Pet Pain Management

By October 7th, 2010No Comments

When we have pa in, we complain But many animals, especially cats, instinctively hide pain to protect themselves from predators. The lack of obvious signs does not mean they aren’t experiencing pain. So how do you know when your pet’s in pain? First and foremost, if you suspect your pet is in pain, consult your veterinarian immediately to help diagnose the problem and discuss the available options. A physical exam by your veterinarian is essential, which may include lab and blood tests, X-rays, etc.

Veterinarians will recommend a treatment protocol. A variety of pain medications are available for pets, and many drugs come in easily administered forms such as liquids, skin patches or gels. Nonsteroidal anti-inflammatory drugs (NSAIDS) are often used to treat orthopedic-related pain with fewer side effects than steroids. Do not give your pet any medication without consulting your veterinarian.

Certain painkillers, including acetaminophen (found in Tylenol) or combinations of medications can be toxic to pets, even in very small doses. Complementary (or alternative) therapies are becoming more available.

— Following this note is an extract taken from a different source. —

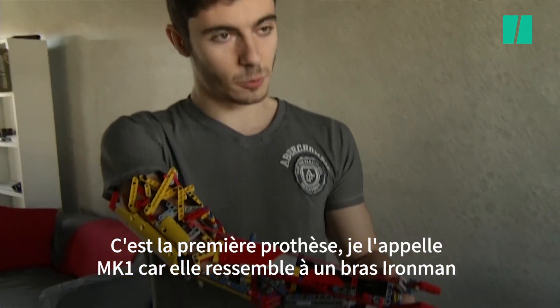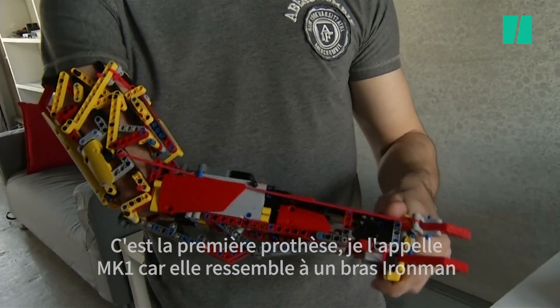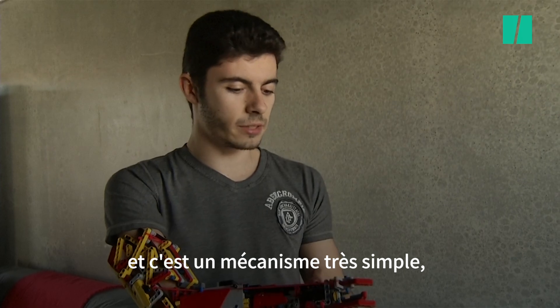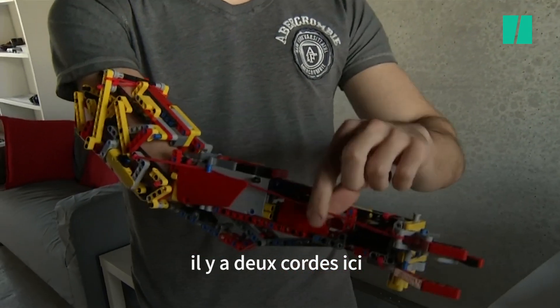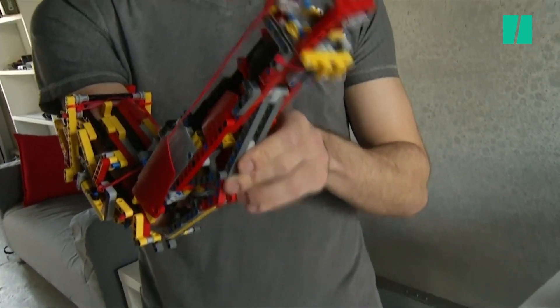This is the first prosthetic. I call it the MK1 because it looks like an Iron Man arm. And it's pure mechanical. I can move it like this. It's a very easy mechanism — it's just like two cords in here that tie when I close the arm.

Acupuncture is increasingly popular as a treatment for chronic pain. Homeopathy and holistic medicine are being practiced on animals.

Simple things you can do at home to help keep your pet comfortable:

  • Massaging your pet will help relax and soothe him, and help you notice any unusual bumps or bruises that may need attention.
  • Place extra padding wherever your pet sleeps to cushion his joints. • Use non-skid runners to make slippery surfaces safer.
  • Grooming, especially when they no longer can do it themselves, will help your pet feel more comfortable.
  • Put food and fresh water bowls at a comfortable height.
  • Diet and exercise become more important with age, but especially when coping with disease or injury.

As you spend time caring for your pet and helping ease his pain, you’ll feel the bond with your pet actually increasing. Your energetic, playful friendship may eventually be replaced with the joy of a gentle, caring life together. Your veterinarian will work with you to customize a pain management regimen for your pet, making his life – and yours – as pain free as possible.